And part of these initial steps in the process involve drafting a budget law that would expand the national deficit and increase public debt by $9.7 trillion over the next decade. Then, should the law eventually pass, the nationwide debt would rise to $29.1 trillion by 2026.
The Freedom Caucus – which needs to have its official “position” on the matter by Monday (Jan. 9) – has historically been opposed to legislation that raises the national deficit without, at the very least, addressing a balanced budget at the same time.
In fact, on Jan. 5, The Washington Post pointed out that just last year, members of the caucus voiced outrage over similar legislation that would have likewise added to the U.S. budget deficit and nationwide debt. “We would rather torpedo the entire budget process than vote on a fiscal blueprint that increases spending without balancing the budget,” the caucus had said in an official statement.

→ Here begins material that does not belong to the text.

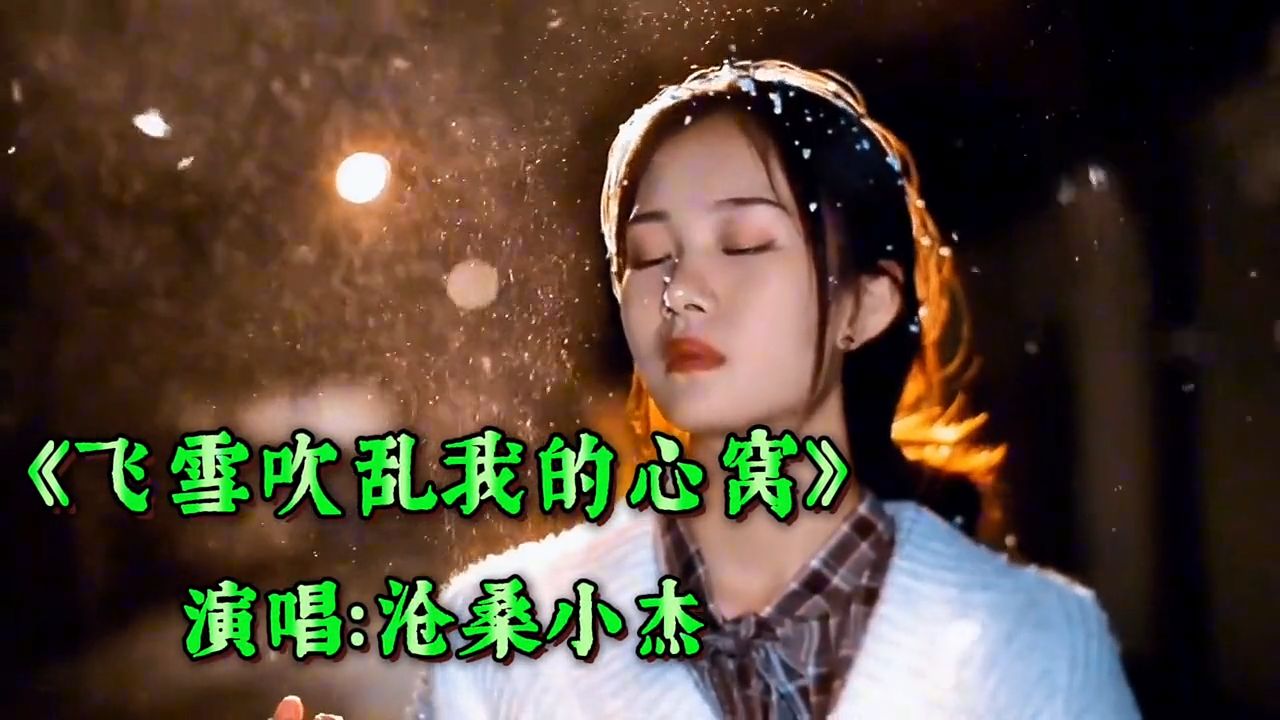 《飞雪吹乱我的心窝》_沧桑小杰演唱，歌声饱含深情，伤感好听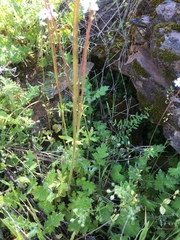 Lithophragma heterophyllum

But now certain members of the group are leaning toward an uncertain future budget – so long as the outcome means Obamacare repeal in the near term…
“I’d like to see a replacement of Obamacare pretty quick,” Rep. Brian Babin (R-TX) told The Washington Post yesterday. He added that he does have concerns about the legislation’s lack of budget balancing. “Would I like to see [the budget] balanced? Certainly,” Babin stated. “Absolutely. I’ve got 13 grandchildren, and I don’t want to see them buried under $30 trillion in debt.”
Policymakers from the caucus in agreement with Babin believe, however, that a budget increase is simply a “technicality,” The Washington Post reported. Ultimately, the law needs to pass first in order to cut President Obama’s legacy healthcare bill.
Voters will understand, they said.
But one particular member of the group spoke out in staunch disagreement with his peers…
Sen. Rand Paul (R-KY) told reporters yesterday, “I want to make sure that conservatives in the House know that together we can have some power and impact on what the budget will be. It should be a conservative document that should not add $9.7 trillion to the debt over 10 years.”
Regardless of the caucus members’ various public statements on their proposal, Monday’s vote is imminent – and 80% of those involved will need to agree on the fate of the long-term budget versus the repeal of Obamacare no matter what.
Later this month, when the Senate votes on the caucus’ proposition as a whole, only 50 senators will be needed to approve the legislation’s passage – as opposed to the typical 60 minimum count. With a GOP majority in Congress, there are now 52 Republicans in the Senate this year.